In the Philippines, at least eighty seven thousand six hundred (87,600) Filipinos die every year from tobacco-related diseases, or approximately two hundred forty (240) deaths every day or an estimate of 10 Filipinos die every hour. 2 Hardly surprising in a country with an estimated 17.3 million tobacco consumers, the highest number in South-East Asia. 3
Global tobacco epidemic is also an economic burden, social justice and human development issues. Researchers estimate that a total economic loss of about US$ 12.7 trillion over the next 20 years – or 1.3% of GDP annually – could be attributed to tobacco. 4
Tobacco control measures passed by governments around the world through legislations and other issuances aim not only to expose the dangers of smoking but to reduce smoking initiation among children and the youth, and help those who smoke to quit.
The Philippines, is among the nations who is a signatory to the World Health Organization, Framework Convention on Tobacco Control (FCTC), which sets out these tobacco control measures. 5
Effective measures, set out in the Framework Convention on Tobacco Control (FCTC), 6 include restrictions on advertising, promotions and sponsorships, specific requirements to provide information, such as pictorial health warnings, and measures to increase taxes on the products, among others.
Article 5.2 (b) of the FCTC obligates the Parties to adopt and implement effective legislative, executive, administrative and/or other measures and cooperate, as appropriate, with other Parties in developing appropriate policies for preventing and reducing tobacco consumption, nicotine addiction and exposure to tobacco smoke.

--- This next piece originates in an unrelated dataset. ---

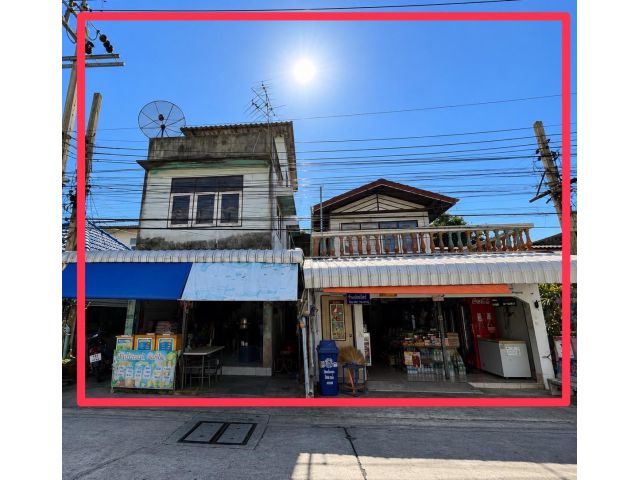 ขายที่ดินพร้อมสิ่งปลูกสร้าง ทำเลค้าขาย เป็นบ้าน 3 หลัง เมืองสมุทรปราการ ติดถนนหลัก รับรายได้ทันทีจากค่าเช่า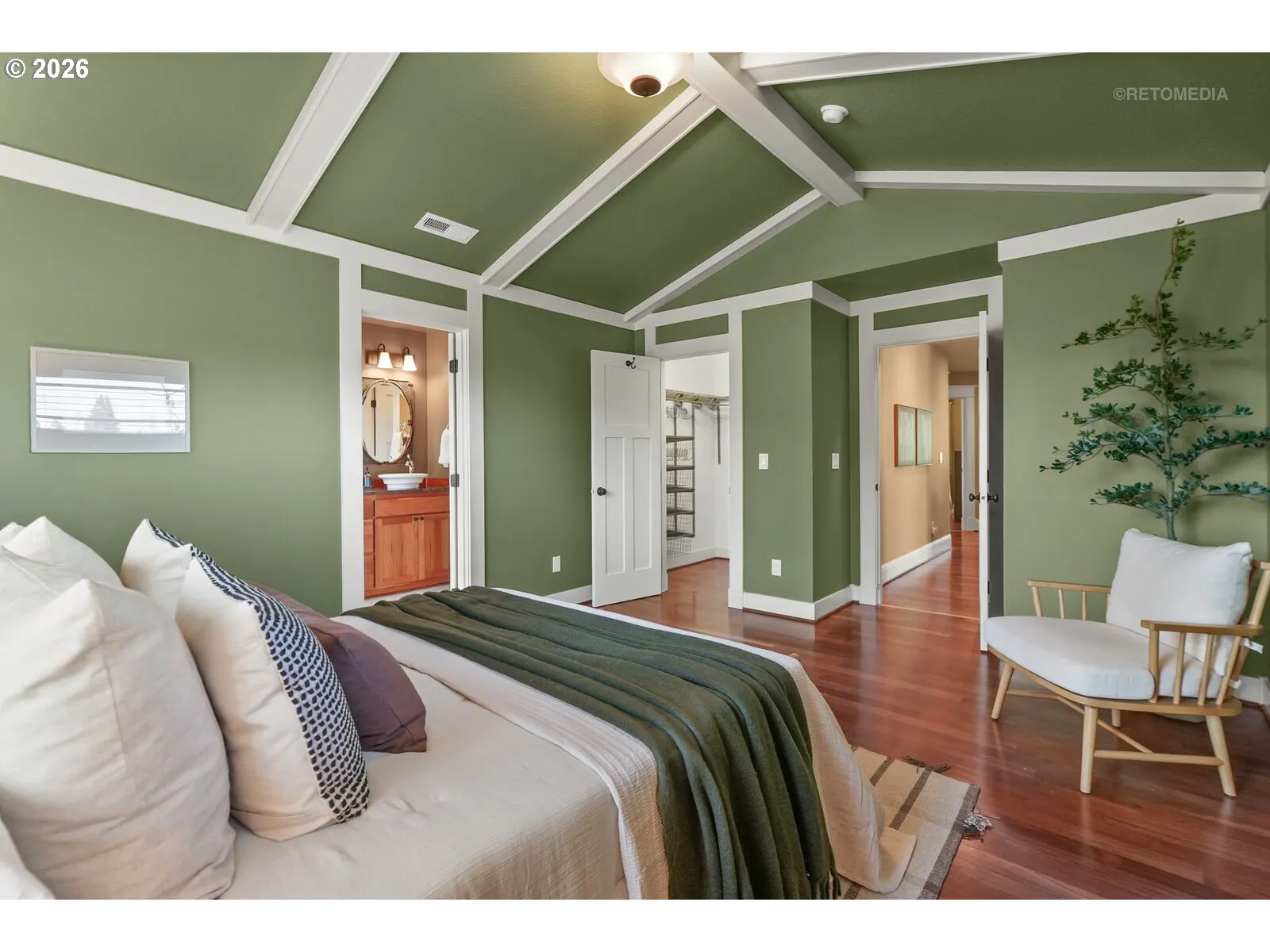 Bedroom, Primary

The Philippines still have far to go to implement these policies.
On 12 May, 2010, the government through Administrative Order (AO) No. 2010-0013 7 sought to implement Article 11 of the Treaty, though way passed the deadline for the compliance set on 4 September 2008. Article 11 requires tobacco companies to place pictorial warnings instead of mere textual warnings stating the health effects of the products. The AO also sought to ban misleading descriptors such as “mild” and “ultralight”, which create the misimpression that a tobacco product is less hazardous to health. Section 4 allowed tobacco companies a period of 90 days from the effectivity on June 9, 2010 to comply with the Order.
Threatened with the Administrative Order, five major tobacco companies Fortune Tobacco, Mighty Corp., Philip Morris Fortune Tobacco Company (PMFTC), Japan Tobacco International (JTI), and Telengtan Brothers & Sons filed separate law suits challenging the AO. The cases were filed in their principal place of businesses and the five sought the legal remedy of injunction to delay the implementation of the AO. The courts sided with the tobacco companies.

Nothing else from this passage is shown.